Il processo venne quindi rinviato per consentire di integrare il contraddittorio e il Ricevitore si costituì in giudizio assistito dall’avvocato Alfonso Giovine, chiedendo termine per poter compiutamente replicare. Successivamente, si oppose alla consegna richiamando anche il regio decreto del 7 luglio 1866, n. 3036, con cui era stato negato il riconoscimento (e di conseguenza la capacità patrimoniale) a tutti gli ordini, le corporazioni e le congregazioni religiose regolari che comportassero vita in comune ed avessero carattere ecclesiastico.
La causa doveva essere discussa all’udienza dell’11 aprile ma, dopo vari rinvii, giunse a conclusione il 12 settembre dello stesso anno, quando il giudice si riservò di decidere. La questione giuridica da dirimere era la seguente: avendo la Confraternita contrattato con il monastero, affidando ai frati l’uso degli oggetti sacri, salvo rientrarne nel possesso ove fosse mancato per qualunque evento detto sodalizio monastico, poteva ritenersi che la condizione si fosse verificata nella situazione in cui, disposta la chiusura del convento, la Cassa Ecclesiastica era subentrata in tutti i diritti e obblighi dell’ente soppresso?
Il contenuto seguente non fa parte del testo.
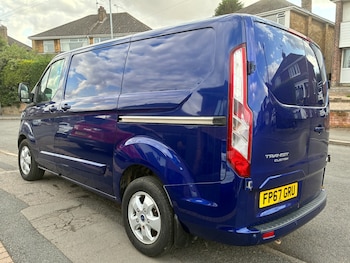 Used Ford Transit Custom 2017 for sale - 79596676: Photo
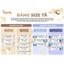 Tã/Bỉm Đêm Gooby Premium – Mỏng Nhẹ, Mềm Mại, Thấm Hút Tốt, Chống Tràn – Size NB-XXXL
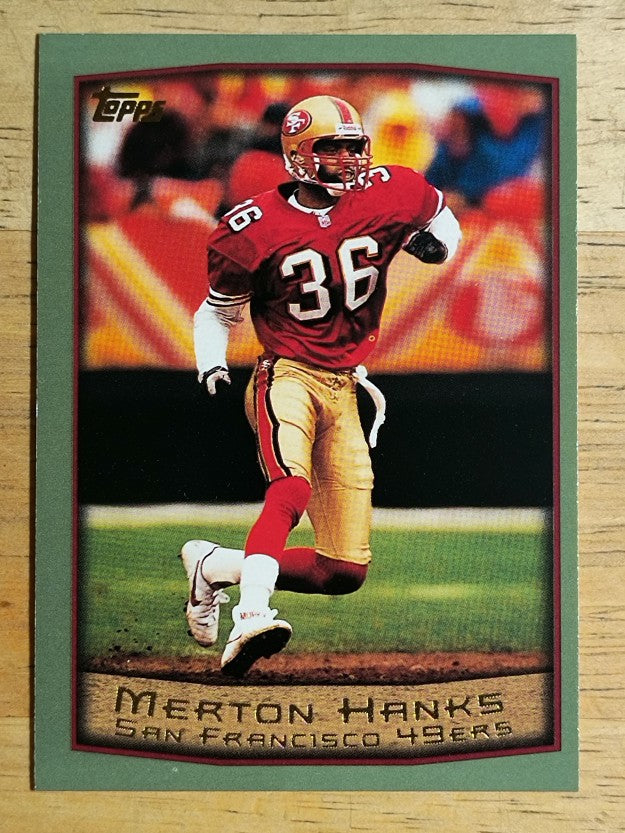 1999 Topps #186 Merton Hanks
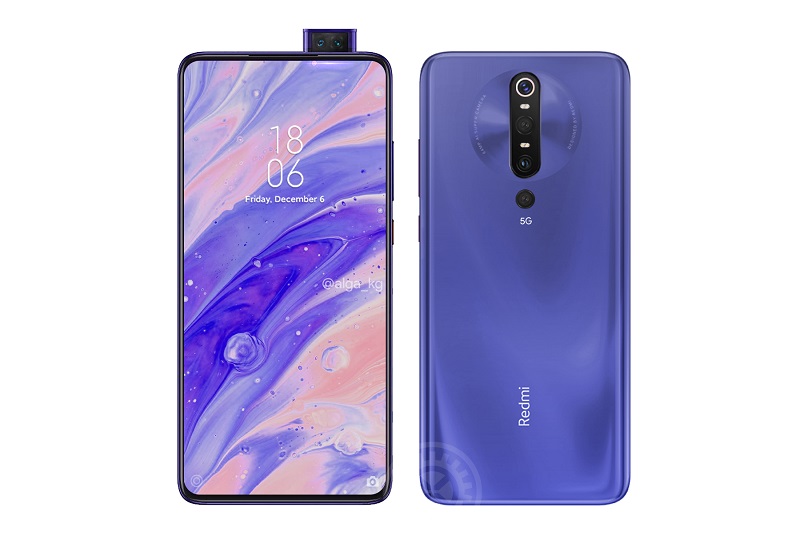 Hình ảnh rò rỉ mới của Redmi K30 Pro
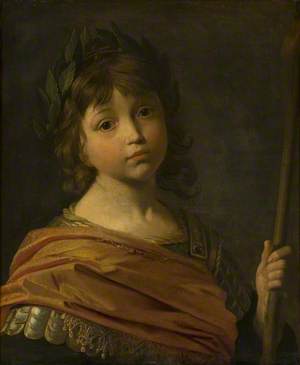 Maurice, Prince Palatine (1621–1652) When a Boy, as Mars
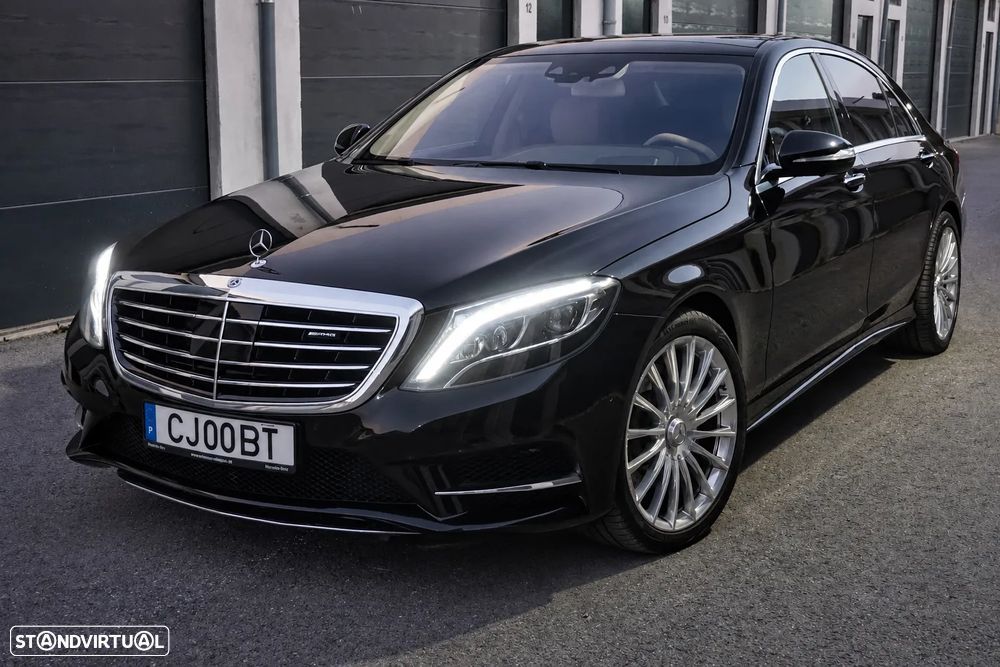 Mercedes-Benz S 350 d L 4Matic 9G-TRONIC - 27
Sciogliendo la riserva, con sentenza del 29 settembre 1866, il Pretore Angelo Ribezzi dichiarò che la proprietà degli oggetti sacri in questione spettasse alla Congrega. Precisò, in particolare, che nell’atto del 1823 si prevedeva la restituzione nel caso in cui il convento fosse venuto a mancare «per qualunque evento» e quindi nel caso di specie si era verificata senza alcun dubbio la soppressione prevista dall’atto notarile e i beni dovevano fare ritorno nelle mani dei confratelli. Ordinò così la restituzione di quanto riportato nell’atto notarile, invitando però la Confraternita ad avviare autonomo giudizio per ottenere gli altri oggetti non compresi nell’elenco, ma che pure si trovavano nella disponibilità di Sansone. La Ricevitoria del Demanio e Tasse di Ostuni fu, inoltre, condannata al pagamento delle spese del giudizio e la sentenza venne poi notificata il 22 ottobre a cura dell’usciere Francesco Solidoro.
Bibliografia
Aa.Vv., Nei funerali di Raffaele Sansone. Celebrati nella chiesa Cattedrale di Ostuni, Tip. Tamborrino, Ostuni, 1902;
APLS, b. 1, f. 3, Arcangelo Lotesoriere, Diario dal 1855 al 1915, Sottof. 2, Id., Cronaca ostunese (1860-1915), carte non numerate, 19.11.1865-30.01.1866;
Archivio dell’Arciconfraternita del Carmine di ostuni (AAC), conclusioni 1823-1893, Anno 187, Comune di Ostuni – Congregazione di Carità, Stabilimento, N. 16, Archivio, Oggetto Argenteria ed arredi sacri 1823, carte sciolte non numerate;
BCO, Archivio Storico, Fondo Postunitario, b. 88, f. 9, Inventario degli arredi sacri, oggetti in oro ed argento posseduti dalla Chiesa del Carmine e dalla libreria dei Padri Carmelitani (1861), 4r-7r;
Ibid., f. 10, Passaggio dell’ex convento dei Padri Carmelitani al Comune e successiva cessione della Parrocchia della Chiesa del Carmine (1861-1951), carte sciolte non numerate;
Lisimberti – Todisco, La venerabile fraternità di Maria Santissima del Carmine di Ostuni, Schena, Fasano, 1995, 66-74 e 111-113;
Pavone, La biblioteca dei Padri carmelitani nel 1861, in Il Monte del Carmelo, nov. 2014, 7, 4-5;
Id., Opere d’arte, arredi sacri, ori e argenti dei Padri carmelitani, in Il Monte del Carmelo, gen. 2015, 8, 4-5.